Everything you’ll know if you’ve ever been a waiter at uni
Don’t forget you cooked all the food yourself
All you wanted was a little extra money so that you could order the Fino sides at Nandos without feeling guilty. But five months later and you've perfected your "customer is always right" face, "I'll go speak to the chef" voice and have designed your very own code with your friend so that you can bitch about your tables when you're literally standing right in front of them.
You've been yelled at for the price of food and drink
For some unknown reason, Susan thought that it was your decision to charge £5.75 for a small Pinot.
Cue a five minute lecture on how she is 'never coming back here' whilst all you can do is stand there and wish that she would pass you the bloody glass as it might make a change to the £4.25 bottle of White Peach and Mango Echo Falls that you're currently necking at pres.
Equally as bad, you've been yelled at for the actual food on the menu
Because despite only being a local pub, Lucy can't believe that you're unable to cater for gluten free vegans with peanut allergies like her.
You've flirted for tips
You can't help it.
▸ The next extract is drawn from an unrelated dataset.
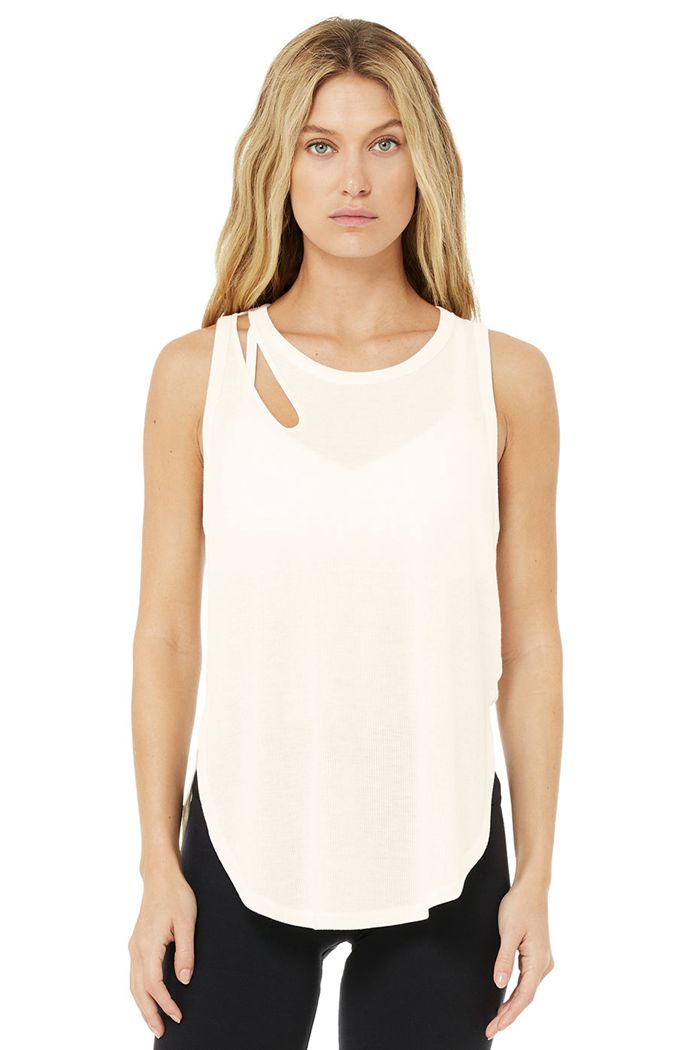 Alo Yoga Ribbed Peak Women's Tank Tops White | QHLFNSO-84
Every time someone gets out their card you're reminded of how deep into your overdraft you are.
A shit joke here, an overenthusiastic laugh there and there's another fiver lodged neatly under the glasses on the way out.
Hey, those jägerbombs won't buy themselves you know…
You've served customers who it seems get paid to complain
Maybe it's a competition to see how much of the bill they can get off, or maybe they're just assholes.
But to be honest, your steak couldn't have been that chewy otherwise you wouldn't have been able to finish it, would you Mark?
You've witnessed things that make you wonder if the money's really worth it
It's really hard not to be sarcastic when Julie asks you what comes with the Fish and Chips.
Um, Fish… and er, some Chips.
You've served people who you're convinced just came in to piss you off
You just love explaining to the chefs that Debbie wants the ham and pineapple pizza with no ham, no pineapple, but mushrooms instead.
Oh, and can she have cheddar cheese instead of mozzarella?
And finally, you've had heart to hearts with o.a.ps who have filled you with more hope and self confidence than any university ever did
Let's be real, you only broke things off with that guy because Eileen told you he was a bad sort who was holding you back from achieving your dreams.